PROVIDED INFORMATION Block Start
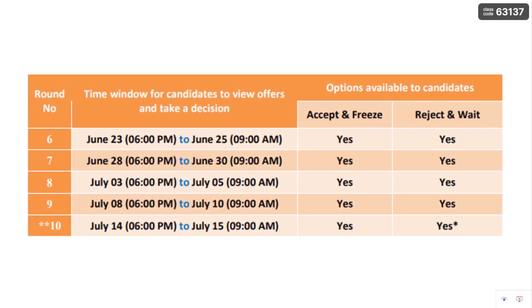Regarding round six, seven, eight, nine, ten dates — as already said, up to round five only. After round six, you don't have the option for retain and wait. You automatically have only accept and freeze and reject and wait options — only two options are available.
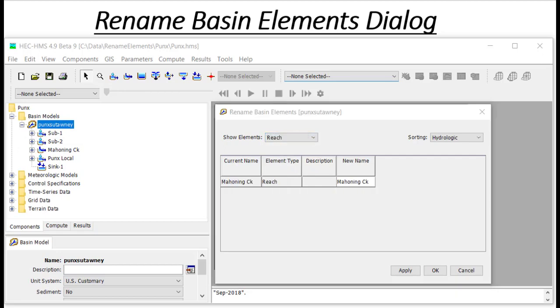This has been a demonstration of how to rename multiple hydrologic elements using the Rename Basin Elements dialog. Thank you!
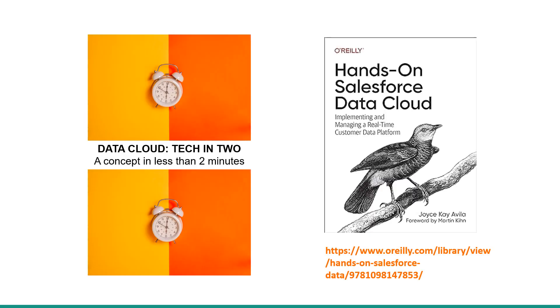Hope you enjoyed these two minutes. You can find more Datacloud content in my new O'Reilly book titled Hands-On Salesforce Datacloud.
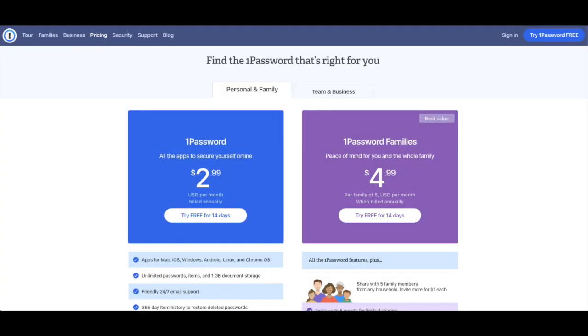1Password does not have a free version and is only available as a paid subscription. At the time of this video, the individual plan is $3 per month and the family plan is $5 per month when the annual subscription is selected.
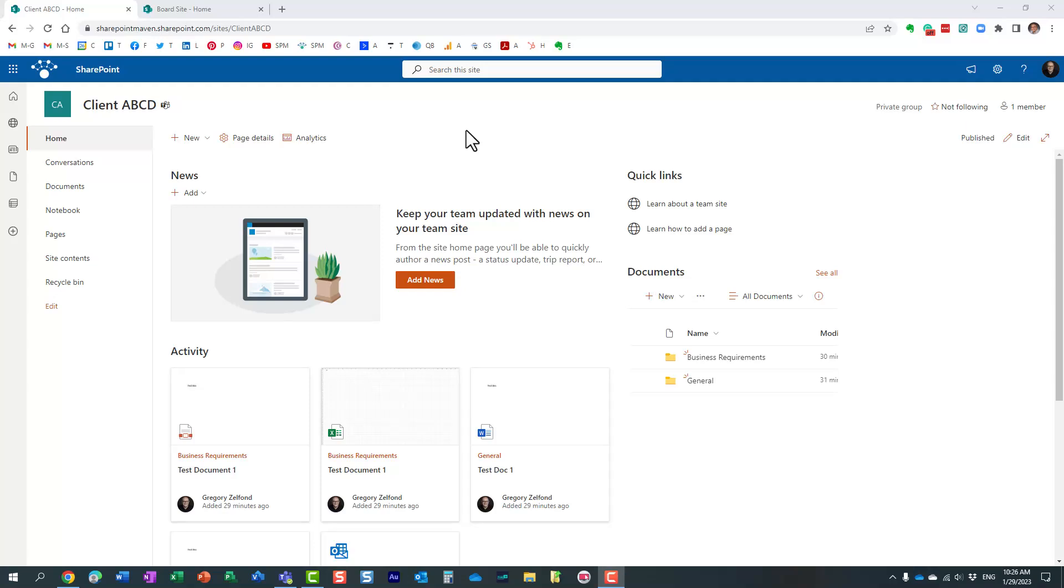Hello, this is Greg from SharePoint Maven, and in today's video I would like to show you where you can configure SharePoint search settings.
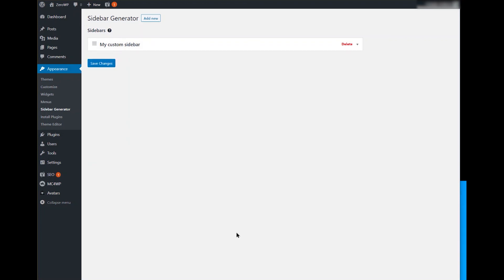That's it. Now you have a totally new sidebar. Go ahead and generate more — there is no limit. We'll see you next time.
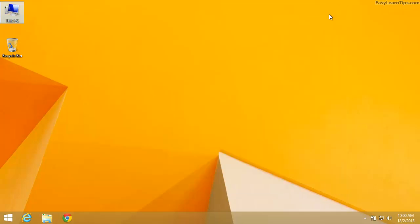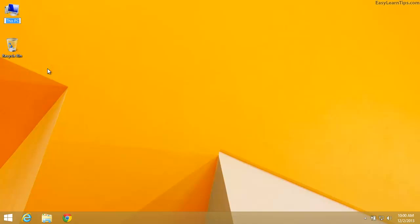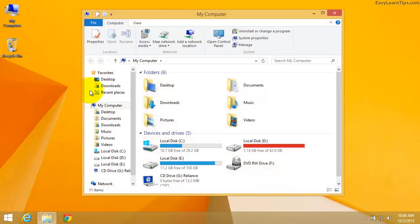If you wish to rename the icon to my computer, you can right click on the icon, click on rename, type my computer, and press the enter key.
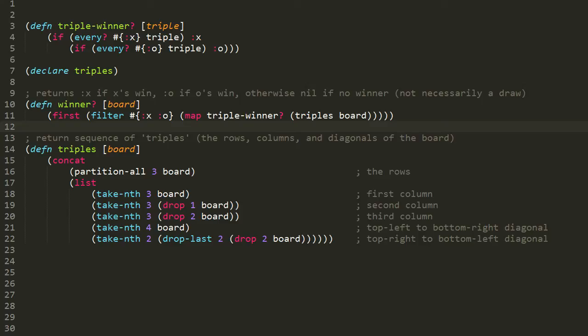The `triples` function takes our board — our vector of nine elements — and returns a sequence of the triples of the board: the rows, columns, and the two diagonals. Ignoring for now the call to `concat` and `list`, look first at the call to `partition-all`. This is where we get the three rows of our board. The `partition-all` sequence function returns a sequence of sequences, each made up of a specified number of elements — in this case three. So it takes the first three elements of board, then the next three, and then the next three after that, until it exhausts the entire sequence. Since our board has nine elements, we get three sequences of three values each, representing the top, middle, and bottom rows.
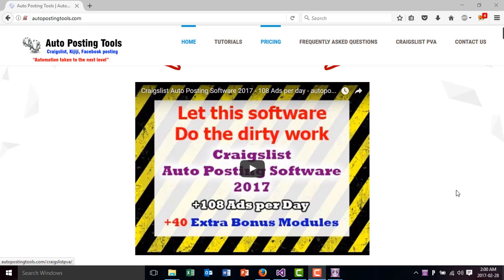Hi, hello and welcome to autopostingtools.com. Today I'm going to share with you a new module that I just created for the software.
PROVIDED INFORMATION Block End
## EXERCISE DIRECTIONS:
Please restate the material above line by line, exactly, beginning at its first line and ending with the line that contains "That's it. Now", without any pictures.

## REPLY TO THE EXERCISE:
Regarding round six, seven, eight, nine, ten dates — as already said, up to round five only. After round six, you don't have the option for retain and wait. You automatically have only accept and freeze and reject and wait options — only two options are available.
This has been a demonstration of how to rename multiple hydrologic elements using the Rename Basin Elements dialog. Thank you!
Hope you enjoyed these two minutes. You can find more Datacloud content in my new O'Reilly book titled Hands-On Salesforce Datacloud.
1Password does not have a free version and is only available as a paid subscription. At the time of this video, the individual plan is $3 per month and the family plan is $5 per month when the annual subscription is selected.
Hello, this is Greg from SharePoint Maven, and in today's video I would like to show you where you can configure SharePoint search settings.
That's it. Now you have a totally new sidebar. Go ahead and generate more — there is no limit. We'll see you next time.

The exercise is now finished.